PROBLEM STATEMENT
In your answer, give each entry again exactly as it appears.

[Extracted records]
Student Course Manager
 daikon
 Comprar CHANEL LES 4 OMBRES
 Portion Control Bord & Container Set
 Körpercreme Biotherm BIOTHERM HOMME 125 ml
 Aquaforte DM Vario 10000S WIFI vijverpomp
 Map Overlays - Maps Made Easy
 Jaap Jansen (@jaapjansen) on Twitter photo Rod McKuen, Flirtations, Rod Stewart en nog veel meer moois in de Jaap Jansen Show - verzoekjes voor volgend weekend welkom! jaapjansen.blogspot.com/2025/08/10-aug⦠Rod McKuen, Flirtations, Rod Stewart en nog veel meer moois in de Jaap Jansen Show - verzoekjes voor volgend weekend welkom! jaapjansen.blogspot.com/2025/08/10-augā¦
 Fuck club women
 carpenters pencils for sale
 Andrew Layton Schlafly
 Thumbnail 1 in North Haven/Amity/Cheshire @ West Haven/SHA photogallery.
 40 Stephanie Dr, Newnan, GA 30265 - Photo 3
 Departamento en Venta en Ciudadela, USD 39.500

TASK OUTPUT
Student Course Manager
 daikon
 Comprar CHANEL LES 4 OMBRES
 Portion Control Bord & Container Set
 Körpercreme Biotherm BIOTHERM HOMME 125 ml
 Aquaforte DM Vario 10000S WIFI vijverpomp
 Map Overlays - Maps Made Easy
 Jaap Jansen (@jaapjansen) on Twitter photo Rod McKuen, Flirtations, Rod Stewart en nog veel meer moois in de Jaap Jansen Show - verzoekjes voor volgend weekend welkom! jaapjansen.blogspot.com/2025/08/10-aug⦠Rod McKuen, Flirtations, Rod Stewart en nog veel meer moois in de Jaap Jansen Show - verzoekjes voor volgend weekend welkom! jaapjansen.blogspot.com/2025/08/10-augā¦
 Fuck club women
 carpenters pencils for sale
 Andrew Layton Schlafly
 Thumbnail 1 in North Haven/Amity/Cheshire @ West Haven/SHA photogallery.
 40 Stephanie Dr, Newnan, GA 30265 - Photo 3
 Departamento en Venta en Ciudadela, USD 39.500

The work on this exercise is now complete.